There is clearly a lot more to this than I realized at first: I'm just a humble coder

 

[pbuk]

I presume you meant "at $z = 0$" ?

Well I meant at $s = 0$ because I was confusing the calculation of $T_{now} = \int_{s=S}^\infty \frac{1}{sH(s)}$ with $D_{hor} = \frac1S \int_{s=0}^S \frac{1}{H(s)}$ and thinking we had to compute $\int_{s=0}^S \frac{1}{sH(s)}$ somewhere! So there is no discontinuity: that's good, my integrator doesn't handle discontinuities as well as QUADPACK.

Maybe we should start talking about Lightcone8 (or X) due to the major rework and so avoid confusion...?

Yes, a bit of housekeeping to do here.

 

[JimJCW]

It may be interesting to compare D_now vs z curves from different calculators for larger z values. The result is shown below:

This suggests that for large z values, the results from all these calculators are almost indistinguishable and the glitch discussed in this thread is very small. I am working on the comparison for small z values.

Note that D_Jorrie,2021 is the modified version discussed in Posts #15 and #17.

 

[JimJCW]

In the following discussion, I assume that the ICRAR calculator works properly and use it as a reference for comparison.

These figures suggest that there exist real discrepancies among the three calculators. When we modify and/or rewrite Jorrie’s calculator, maybe we can use ICRAR calculator as a tool for testing.

 

[pbuk]

When we modify and/or rewrite Jorrie’s calculator, maybe we can use ICRAR calculator as a tool for testing.

It's already rewritten, now working here: https://light-cone-calc.github.io. There's not much point testing it against the ICRAR calculator though as that uses a more sophisticated model.

 

[JimJCW]

It's already rewritten, now working here: https://light-cone-calc.github.io. There's not much point testing it against the ICRAR calculator though as that uses a more sophisticated model.

Great! I can make more comparisons.

Please explain what you mean by “. . . the ICRAR calculator . . . uses a more sophisticated model”. Doesn’t it calculate the same D_now?

 

[pbuk]

Please explain what you mean by “. . . the ICRAR calculator . . . uses a more sophisticated model”. Doesn’t it calculate the same D_now?

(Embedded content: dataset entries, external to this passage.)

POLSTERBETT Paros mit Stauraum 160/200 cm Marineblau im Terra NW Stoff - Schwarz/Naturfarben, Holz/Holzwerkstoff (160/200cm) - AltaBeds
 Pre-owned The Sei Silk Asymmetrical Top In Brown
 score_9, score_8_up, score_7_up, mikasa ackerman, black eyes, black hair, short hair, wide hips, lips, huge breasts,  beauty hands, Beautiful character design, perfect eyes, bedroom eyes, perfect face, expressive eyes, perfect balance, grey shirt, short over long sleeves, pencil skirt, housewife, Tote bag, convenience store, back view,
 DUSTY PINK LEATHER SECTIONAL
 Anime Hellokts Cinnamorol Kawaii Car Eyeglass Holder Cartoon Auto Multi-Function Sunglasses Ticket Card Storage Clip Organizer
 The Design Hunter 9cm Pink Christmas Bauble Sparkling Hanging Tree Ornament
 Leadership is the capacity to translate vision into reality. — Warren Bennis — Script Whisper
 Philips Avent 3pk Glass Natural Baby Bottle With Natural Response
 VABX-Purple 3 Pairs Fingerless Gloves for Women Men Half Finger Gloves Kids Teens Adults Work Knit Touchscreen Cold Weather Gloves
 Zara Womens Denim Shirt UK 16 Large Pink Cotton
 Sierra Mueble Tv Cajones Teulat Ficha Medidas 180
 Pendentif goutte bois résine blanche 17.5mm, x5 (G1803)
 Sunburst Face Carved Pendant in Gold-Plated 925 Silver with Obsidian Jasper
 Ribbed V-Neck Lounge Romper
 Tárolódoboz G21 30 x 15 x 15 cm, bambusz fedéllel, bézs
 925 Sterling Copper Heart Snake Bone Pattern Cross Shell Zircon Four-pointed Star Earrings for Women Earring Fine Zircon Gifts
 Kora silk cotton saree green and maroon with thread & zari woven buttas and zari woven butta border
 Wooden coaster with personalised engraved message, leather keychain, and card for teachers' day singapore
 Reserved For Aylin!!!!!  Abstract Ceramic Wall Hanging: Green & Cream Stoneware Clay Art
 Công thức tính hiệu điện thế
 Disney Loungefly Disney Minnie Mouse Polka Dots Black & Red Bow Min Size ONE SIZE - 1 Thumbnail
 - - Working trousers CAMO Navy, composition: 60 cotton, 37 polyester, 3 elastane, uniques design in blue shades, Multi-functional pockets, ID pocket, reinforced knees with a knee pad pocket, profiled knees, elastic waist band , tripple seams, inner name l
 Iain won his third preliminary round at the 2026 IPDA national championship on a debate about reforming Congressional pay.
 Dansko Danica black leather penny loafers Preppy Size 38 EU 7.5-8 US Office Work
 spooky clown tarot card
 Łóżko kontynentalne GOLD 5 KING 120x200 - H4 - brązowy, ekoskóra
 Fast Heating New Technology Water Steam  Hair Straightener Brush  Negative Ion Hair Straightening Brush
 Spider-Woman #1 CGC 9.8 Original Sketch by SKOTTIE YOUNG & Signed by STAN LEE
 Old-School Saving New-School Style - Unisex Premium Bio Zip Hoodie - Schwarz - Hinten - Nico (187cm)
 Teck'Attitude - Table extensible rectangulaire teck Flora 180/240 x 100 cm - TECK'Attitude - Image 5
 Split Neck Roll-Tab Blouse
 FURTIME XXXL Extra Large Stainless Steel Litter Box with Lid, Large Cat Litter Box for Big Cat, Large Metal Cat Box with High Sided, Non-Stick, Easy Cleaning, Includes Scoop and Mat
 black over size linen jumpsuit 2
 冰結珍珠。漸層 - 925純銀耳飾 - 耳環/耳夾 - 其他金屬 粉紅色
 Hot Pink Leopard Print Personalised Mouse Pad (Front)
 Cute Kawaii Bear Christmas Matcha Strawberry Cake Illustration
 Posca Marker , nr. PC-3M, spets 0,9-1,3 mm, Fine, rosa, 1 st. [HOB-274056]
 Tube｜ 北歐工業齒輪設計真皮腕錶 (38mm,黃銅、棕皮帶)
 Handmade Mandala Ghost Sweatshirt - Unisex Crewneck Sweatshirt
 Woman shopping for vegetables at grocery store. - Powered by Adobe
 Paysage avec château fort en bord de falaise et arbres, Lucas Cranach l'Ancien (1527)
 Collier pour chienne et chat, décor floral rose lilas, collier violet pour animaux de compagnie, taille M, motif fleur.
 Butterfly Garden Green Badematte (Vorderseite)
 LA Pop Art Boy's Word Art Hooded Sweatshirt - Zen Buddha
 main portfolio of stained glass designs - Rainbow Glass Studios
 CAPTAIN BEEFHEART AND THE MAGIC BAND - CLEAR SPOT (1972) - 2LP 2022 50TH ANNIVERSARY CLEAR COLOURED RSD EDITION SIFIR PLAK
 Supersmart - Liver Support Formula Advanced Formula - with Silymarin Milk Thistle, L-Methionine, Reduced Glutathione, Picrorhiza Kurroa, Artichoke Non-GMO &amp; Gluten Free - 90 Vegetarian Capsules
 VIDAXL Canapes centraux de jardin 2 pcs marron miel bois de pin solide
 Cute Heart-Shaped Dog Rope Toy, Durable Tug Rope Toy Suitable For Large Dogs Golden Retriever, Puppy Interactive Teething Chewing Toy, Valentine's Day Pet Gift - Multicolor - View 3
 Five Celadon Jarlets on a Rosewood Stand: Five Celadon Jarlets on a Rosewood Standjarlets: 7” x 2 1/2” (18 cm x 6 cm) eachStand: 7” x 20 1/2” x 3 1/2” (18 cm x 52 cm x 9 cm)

Not exactly, there is a much more sophisticated treatment of dark energy. You can see the code (in R) if you go to https://cosmocalc.icrar.org/ and click the "R code" tab.

 

[JimJCW]

Not exactly, there is a much more sophisticated treatment of dark energy. You can see the code (in R) if you go to https://cosmocalc.icrar.org/ and click the "R code" tab.

How about comparing the cosmic model with your new version (setting Ω_R = 0)? Similar discrepancy exists.

 

[pbuk]

How about comparing the cosmic model with your new version (setting Ω_R = 0)? Similar discrepancy exists.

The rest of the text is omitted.